Allison Floam, a co-founder of TheFix.com, said, “This is the largest market you’ve never heard of.”

As a niche publishing enterprise, TheFix.com (tagline: “Addiction and recovery, straight up”) is not unlike any media that play to a specific demographic with hopes of drawing in the kind of specific, highly engaged audience that advertisers desire. The Fix sees tremendous potential in the buying power of people in recovery.

“They’re people who have lots of new disposable income because they’re not spending it on crack or Absolut,” Mr. Roshan said. “They are people who are newly invested in their health and well-being. They are people who have a lot of time on their hands that they didn’t have before.”

The Fix plans to reach out to health clubs like Equinox and Crunch; beverage sellers like Poland Spring and Vitaminwater. Coffee makers like Starbucks are on their list too because recovering addicts often develop a taste for coffee. The site’s founders are also eager to attract travel advertising.

There is little doubt that recovering addicts are a large audience. But whether advertisers have any desire to cater to them as a distinct group is uncertain.

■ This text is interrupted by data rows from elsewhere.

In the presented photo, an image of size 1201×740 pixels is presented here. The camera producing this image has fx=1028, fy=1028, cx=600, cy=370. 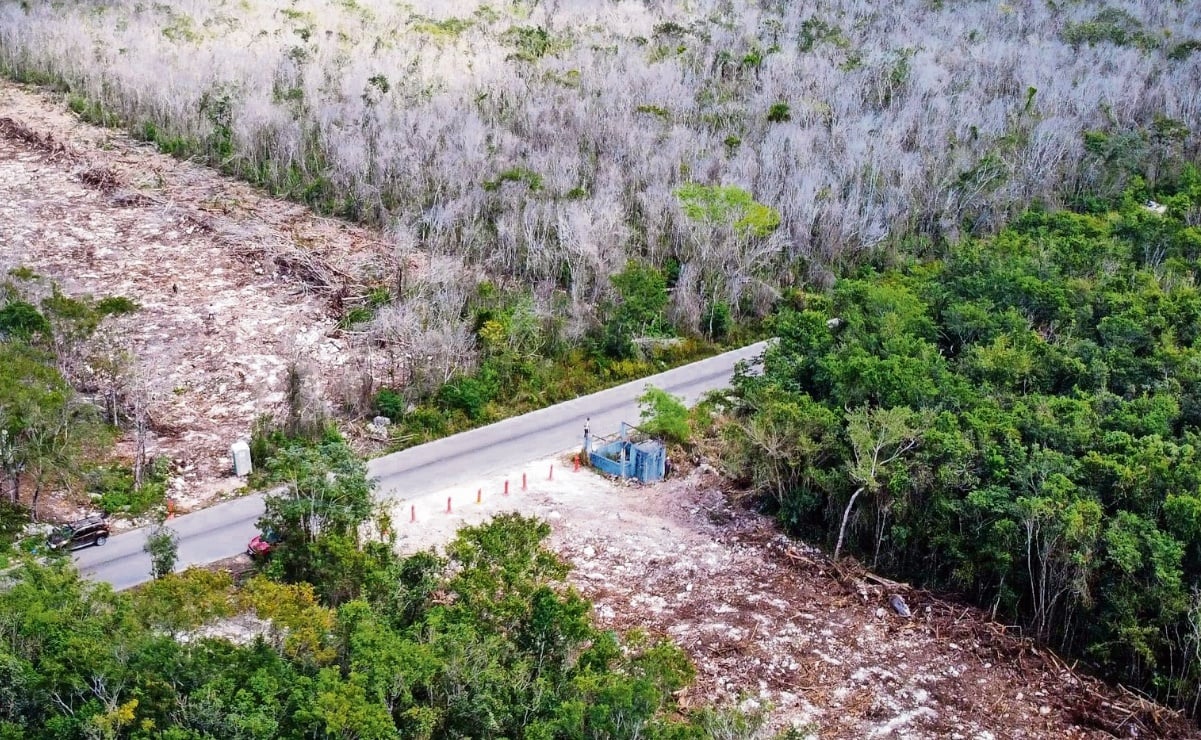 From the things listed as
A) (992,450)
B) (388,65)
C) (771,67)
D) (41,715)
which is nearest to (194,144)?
(388,65)

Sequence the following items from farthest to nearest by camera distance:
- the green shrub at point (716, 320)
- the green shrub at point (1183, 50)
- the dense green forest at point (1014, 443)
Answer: the green shrub at point (1183, 50)
the green shrub at point (716, 320)
the dense green forest at point (1014, 443)

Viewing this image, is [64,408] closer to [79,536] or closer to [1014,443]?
[79,536]

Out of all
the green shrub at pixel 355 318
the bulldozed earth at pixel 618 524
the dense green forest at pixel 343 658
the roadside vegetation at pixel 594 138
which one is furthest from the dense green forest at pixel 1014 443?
the green shrub at pixel 355 318

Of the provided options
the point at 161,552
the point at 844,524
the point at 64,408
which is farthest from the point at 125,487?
the point at 844,524

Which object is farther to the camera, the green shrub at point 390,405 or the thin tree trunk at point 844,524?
the green shrub at point 390,405

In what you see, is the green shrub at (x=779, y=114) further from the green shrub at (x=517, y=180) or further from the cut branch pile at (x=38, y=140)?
the cut branch pile at (x=38, y=140)

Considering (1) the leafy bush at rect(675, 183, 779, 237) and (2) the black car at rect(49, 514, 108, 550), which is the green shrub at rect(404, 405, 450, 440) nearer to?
(2) the black car at rect(49, 514, 108, 550)

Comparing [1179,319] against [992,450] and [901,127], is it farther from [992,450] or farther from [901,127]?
[901,127] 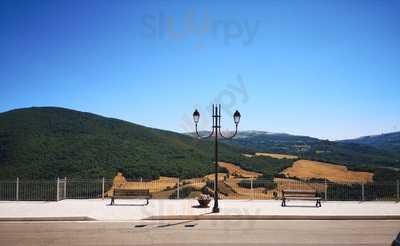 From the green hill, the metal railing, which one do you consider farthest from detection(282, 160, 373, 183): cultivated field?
the metal railing

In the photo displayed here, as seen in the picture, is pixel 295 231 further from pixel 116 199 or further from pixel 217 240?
pixel 116 199

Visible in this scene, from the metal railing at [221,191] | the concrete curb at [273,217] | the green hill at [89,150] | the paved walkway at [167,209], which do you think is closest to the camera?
the concrete curb at [273,217]

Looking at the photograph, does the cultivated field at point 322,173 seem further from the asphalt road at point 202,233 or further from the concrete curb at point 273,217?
the asphalt road at point 202,233

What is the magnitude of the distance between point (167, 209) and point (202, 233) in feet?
17.5

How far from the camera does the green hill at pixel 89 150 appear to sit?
5832 cm

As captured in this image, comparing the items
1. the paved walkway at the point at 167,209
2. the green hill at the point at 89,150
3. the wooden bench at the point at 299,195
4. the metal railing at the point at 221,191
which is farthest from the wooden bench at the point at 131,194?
the green hill at the point at 89,150

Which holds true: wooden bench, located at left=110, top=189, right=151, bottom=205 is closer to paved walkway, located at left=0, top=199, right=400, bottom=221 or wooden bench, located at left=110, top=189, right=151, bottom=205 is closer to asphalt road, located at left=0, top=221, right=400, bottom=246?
paved walkway, located at left=0, top=199, right=400, bottom=221

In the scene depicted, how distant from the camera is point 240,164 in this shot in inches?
2825

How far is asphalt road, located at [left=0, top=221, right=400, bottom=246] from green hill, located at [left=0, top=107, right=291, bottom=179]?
137ft

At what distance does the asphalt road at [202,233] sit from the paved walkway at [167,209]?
1453 mm

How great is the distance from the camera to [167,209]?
18.0 metres

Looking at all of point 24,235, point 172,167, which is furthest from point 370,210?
point 172,167

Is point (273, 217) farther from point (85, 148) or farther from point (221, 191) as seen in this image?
point (85, 148)

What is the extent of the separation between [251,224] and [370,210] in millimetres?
6521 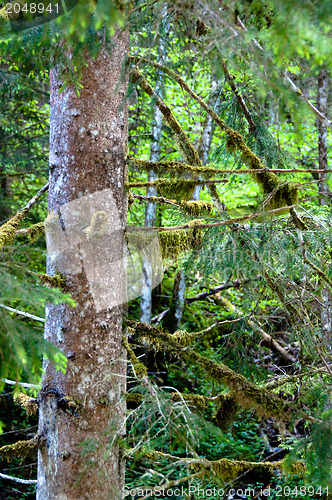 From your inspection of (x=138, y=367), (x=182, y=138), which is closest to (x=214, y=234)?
(x=182, y=138)

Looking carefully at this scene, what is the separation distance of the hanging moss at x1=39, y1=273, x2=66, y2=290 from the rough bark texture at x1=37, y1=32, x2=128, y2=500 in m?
0.04

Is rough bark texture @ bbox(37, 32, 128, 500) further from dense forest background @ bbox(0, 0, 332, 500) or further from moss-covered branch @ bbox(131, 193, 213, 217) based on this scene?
moss-covered branch @ bbox(131, 193, 213, 217)

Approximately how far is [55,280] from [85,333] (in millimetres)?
428

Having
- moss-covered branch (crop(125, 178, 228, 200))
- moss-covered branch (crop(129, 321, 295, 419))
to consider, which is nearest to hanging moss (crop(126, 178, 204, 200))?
moss-covered branch (crop(125, 178, 228, 200))

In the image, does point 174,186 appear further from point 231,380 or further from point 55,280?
point 231,380

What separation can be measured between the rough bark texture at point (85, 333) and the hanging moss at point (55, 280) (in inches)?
1.6

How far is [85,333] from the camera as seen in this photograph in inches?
104

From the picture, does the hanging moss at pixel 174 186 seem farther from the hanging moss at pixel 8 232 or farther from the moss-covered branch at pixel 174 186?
the hanging moss at pixel 8 232

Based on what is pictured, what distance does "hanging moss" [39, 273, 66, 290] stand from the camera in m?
2.48

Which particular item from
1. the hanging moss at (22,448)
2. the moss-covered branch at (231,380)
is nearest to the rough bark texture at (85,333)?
the hanging moss at (22,448)

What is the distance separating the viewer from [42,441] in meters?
2.61

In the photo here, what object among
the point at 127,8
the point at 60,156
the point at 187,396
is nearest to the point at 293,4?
the point at 127,8

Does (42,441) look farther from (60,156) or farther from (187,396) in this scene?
(60,156)

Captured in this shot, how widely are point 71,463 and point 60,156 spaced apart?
2.14 m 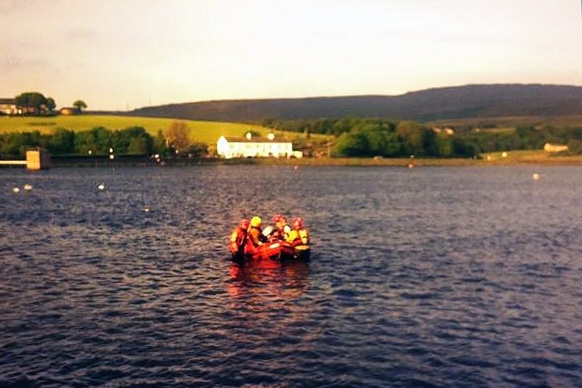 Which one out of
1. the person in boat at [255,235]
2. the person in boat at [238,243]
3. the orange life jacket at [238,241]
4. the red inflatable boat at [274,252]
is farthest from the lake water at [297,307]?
the person in boat at [255,235]

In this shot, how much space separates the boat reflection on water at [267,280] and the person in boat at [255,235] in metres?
1.19

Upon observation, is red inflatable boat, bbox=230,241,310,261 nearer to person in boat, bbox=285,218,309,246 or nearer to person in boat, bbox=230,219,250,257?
person in boat, bbox=230,219,250,257

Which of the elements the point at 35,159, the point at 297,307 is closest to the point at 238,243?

“That’s the question: Is putting your brand in the environment of that condition and mind-set going to create an association that you want, and one that’s scalable enough that there’s a business reason to do it?” said Andy Chapman, director of digital trading for Mindshare, a media-buying agency. “Because you can reach them in other places. And that may be good enough.”

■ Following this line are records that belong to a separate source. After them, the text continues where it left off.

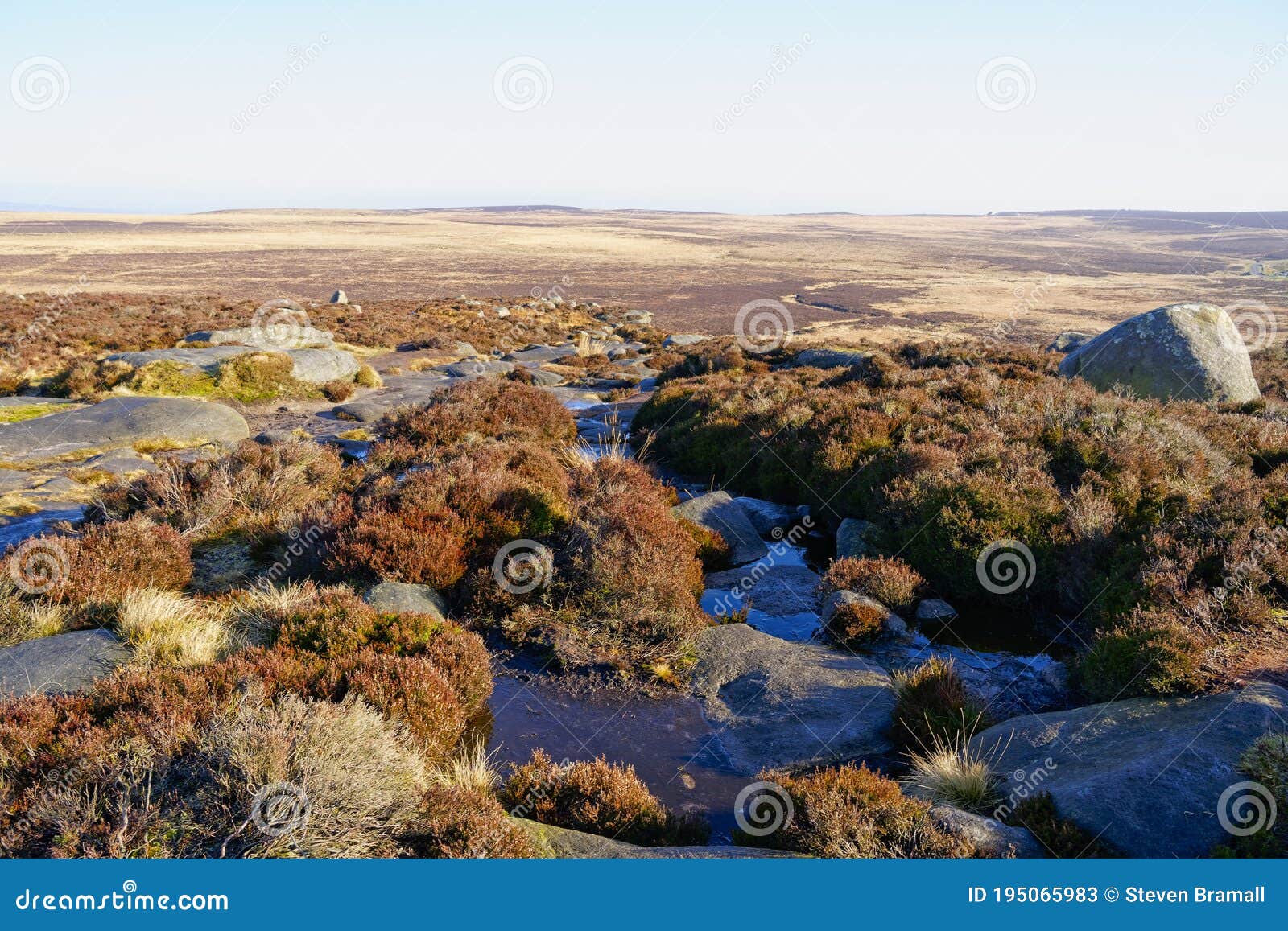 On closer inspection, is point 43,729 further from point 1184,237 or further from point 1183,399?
point 1184,237

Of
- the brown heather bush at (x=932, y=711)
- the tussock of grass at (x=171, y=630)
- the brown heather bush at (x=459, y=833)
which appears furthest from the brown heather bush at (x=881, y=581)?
the tussock of grass at (x=171, y=630)

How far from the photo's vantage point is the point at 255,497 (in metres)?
10.9

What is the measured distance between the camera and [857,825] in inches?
183

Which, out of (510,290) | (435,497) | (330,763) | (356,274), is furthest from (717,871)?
(356,274)

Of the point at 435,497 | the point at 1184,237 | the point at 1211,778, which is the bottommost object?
the point at 1211,778

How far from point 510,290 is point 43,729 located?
58883 mm

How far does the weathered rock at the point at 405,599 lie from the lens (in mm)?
8039

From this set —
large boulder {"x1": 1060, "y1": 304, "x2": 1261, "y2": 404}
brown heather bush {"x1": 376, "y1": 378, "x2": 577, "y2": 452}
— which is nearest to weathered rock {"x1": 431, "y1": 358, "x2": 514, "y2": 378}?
brown heather bush {"x1": 376, "y1": 378, "x2": 577, "y2": 452}

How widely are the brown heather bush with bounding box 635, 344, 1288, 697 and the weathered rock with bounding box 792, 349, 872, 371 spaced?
17.4 ft

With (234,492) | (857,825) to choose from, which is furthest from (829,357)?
(857,825)

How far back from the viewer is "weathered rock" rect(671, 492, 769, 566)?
10625mm

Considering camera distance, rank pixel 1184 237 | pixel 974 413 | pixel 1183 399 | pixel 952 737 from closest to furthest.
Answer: pixel 952 737, pixel 974 413, pixel 1183 399, pixel 1184 237

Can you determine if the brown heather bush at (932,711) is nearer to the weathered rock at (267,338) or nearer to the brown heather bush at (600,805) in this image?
the brown heather bush at (600,805)

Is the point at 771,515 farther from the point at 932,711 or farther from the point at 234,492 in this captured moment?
the point at 234,492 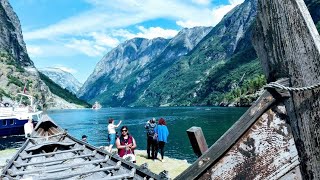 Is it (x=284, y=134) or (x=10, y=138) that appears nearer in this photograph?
(x=284, y=134)

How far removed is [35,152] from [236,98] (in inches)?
6867

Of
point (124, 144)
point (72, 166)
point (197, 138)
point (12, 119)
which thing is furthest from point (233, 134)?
point (12, 119)

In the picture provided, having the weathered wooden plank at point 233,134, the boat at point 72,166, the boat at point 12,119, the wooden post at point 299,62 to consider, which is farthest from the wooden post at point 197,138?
the boat at point 12,119

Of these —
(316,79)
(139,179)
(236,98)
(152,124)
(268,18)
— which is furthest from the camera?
(236,98)

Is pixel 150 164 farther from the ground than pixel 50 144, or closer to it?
closer to it

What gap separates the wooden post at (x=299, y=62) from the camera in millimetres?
2340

The creators of The Fix are trying to soothe advertisers in part by not presenting addiction as an exploitative spectacle. But The Fix does not intend to ignore stories of Hollywood celebrities who have often explosive spirals into substance abuse. Nor does it intend to treat addiction as purely serious fare. In fact, one of its first features is a gallery of what its editors have deemed history’s messiest celebrity breakdowns.

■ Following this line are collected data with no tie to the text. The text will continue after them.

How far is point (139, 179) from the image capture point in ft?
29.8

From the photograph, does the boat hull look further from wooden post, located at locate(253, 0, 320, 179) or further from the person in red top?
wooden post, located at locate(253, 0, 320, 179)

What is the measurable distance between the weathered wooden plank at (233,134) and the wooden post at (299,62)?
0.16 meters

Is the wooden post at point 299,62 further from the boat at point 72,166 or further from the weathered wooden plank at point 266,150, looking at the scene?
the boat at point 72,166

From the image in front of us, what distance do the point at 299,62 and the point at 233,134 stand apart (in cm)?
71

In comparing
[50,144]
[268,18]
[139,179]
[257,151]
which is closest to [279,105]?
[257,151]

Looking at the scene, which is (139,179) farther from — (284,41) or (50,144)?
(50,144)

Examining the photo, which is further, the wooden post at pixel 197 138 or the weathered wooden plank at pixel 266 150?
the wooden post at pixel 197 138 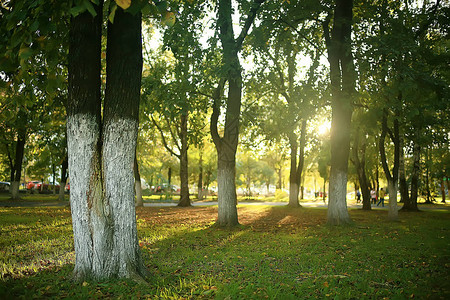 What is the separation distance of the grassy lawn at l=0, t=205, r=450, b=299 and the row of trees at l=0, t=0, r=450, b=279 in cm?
69

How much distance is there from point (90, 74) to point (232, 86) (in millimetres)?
7902

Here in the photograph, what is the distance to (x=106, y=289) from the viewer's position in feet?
14.6

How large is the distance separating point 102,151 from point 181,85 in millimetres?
6554

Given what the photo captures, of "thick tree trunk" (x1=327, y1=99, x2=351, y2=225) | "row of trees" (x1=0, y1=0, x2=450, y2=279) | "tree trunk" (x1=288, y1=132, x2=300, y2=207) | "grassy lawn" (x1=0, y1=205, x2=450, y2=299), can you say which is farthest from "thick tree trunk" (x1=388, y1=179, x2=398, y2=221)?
"tree trunk" (x1=288, y1=132, x2=300, y2=207)

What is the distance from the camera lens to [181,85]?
36.3 ft

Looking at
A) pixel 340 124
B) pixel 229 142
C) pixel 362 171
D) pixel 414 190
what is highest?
pixel 340 124

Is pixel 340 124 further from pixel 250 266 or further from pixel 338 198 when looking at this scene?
pixel 250 266

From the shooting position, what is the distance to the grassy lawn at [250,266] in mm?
4484

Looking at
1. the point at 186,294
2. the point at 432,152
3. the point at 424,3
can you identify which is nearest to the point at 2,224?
the point at 186,294

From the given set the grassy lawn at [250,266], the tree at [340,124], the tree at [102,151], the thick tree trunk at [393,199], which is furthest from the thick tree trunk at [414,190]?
the tree at [102,151]

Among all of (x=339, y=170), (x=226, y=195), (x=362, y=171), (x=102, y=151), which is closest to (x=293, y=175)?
(x=362, y=171)

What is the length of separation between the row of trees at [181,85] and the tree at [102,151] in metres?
→ 0.02

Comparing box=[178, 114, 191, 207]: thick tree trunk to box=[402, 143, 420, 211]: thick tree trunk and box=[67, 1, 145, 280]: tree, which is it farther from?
box=[67, 1, 145, 280]: tree

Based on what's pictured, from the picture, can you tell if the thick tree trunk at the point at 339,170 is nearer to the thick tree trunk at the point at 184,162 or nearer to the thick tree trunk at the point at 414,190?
the thick tree trunk at the point at 414,190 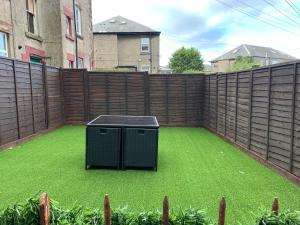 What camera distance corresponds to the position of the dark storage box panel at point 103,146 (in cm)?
441

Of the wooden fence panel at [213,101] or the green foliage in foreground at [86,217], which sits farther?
the wooden fence panel at [213,101]

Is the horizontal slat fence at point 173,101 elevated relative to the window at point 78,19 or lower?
lower

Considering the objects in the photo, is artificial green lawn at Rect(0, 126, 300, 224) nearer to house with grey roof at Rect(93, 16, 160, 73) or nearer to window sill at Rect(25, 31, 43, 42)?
window sill at Rect(25, 31, 43, 42)

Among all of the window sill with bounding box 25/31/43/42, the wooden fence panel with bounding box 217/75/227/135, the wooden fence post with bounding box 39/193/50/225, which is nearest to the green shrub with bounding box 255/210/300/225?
Result: the wooden fence post with bounding box 39/193/50/225

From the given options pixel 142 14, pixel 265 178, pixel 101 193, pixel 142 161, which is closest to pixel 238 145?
pixel 265 178

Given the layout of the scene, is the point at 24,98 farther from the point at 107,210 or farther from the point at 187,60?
the point at 187,60

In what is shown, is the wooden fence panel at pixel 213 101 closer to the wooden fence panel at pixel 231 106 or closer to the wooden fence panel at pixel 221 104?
the wooden fence panel at pixel 221 104

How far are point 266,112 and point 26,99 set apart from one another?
6.08 metres

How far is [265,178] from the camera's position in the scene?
13.3 feet

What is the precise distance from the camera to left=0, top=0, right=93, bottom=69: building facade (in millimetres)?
8242

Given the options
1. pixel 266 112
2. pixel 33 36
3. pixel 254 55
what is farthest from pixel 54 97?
pixel 254 55

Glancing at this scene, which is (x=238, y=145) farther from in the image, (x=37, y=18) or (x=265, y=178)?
(x=37, y=18)

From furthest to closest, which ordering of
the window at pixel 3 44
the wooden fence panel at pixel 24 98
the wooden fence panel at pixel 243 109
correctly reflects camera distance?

“We’re certainly not looking for any kind of Victorian freak show element,” said Joe Schrank, a co-founder of TheFix.com who worked with Mr. Roshan to develop the idea for the site, and founder of The Core Company. “However, I think you have to have a sense of humor about it. It’s a very delicate line.”

The Fix will publish serious essays by big names like Susan Cheever. There is an article questioning the effectiveness of a new vaccine that purports to curb cocaine cravings. Experts have recorded videos that offer advice on managing addictions.

“My hope for The Fix is that it’s giving much more texture to the comprehensive life — not just the crisis that thrusts people into treatment,” Mr. Schrank said. “The story arc in the media is always the same. It’s Charlie Sheen freak show, or a guy went to rehab, redeemed himself and became a rehab counselor. When the truth is it’s as individual as a human thumbprint.”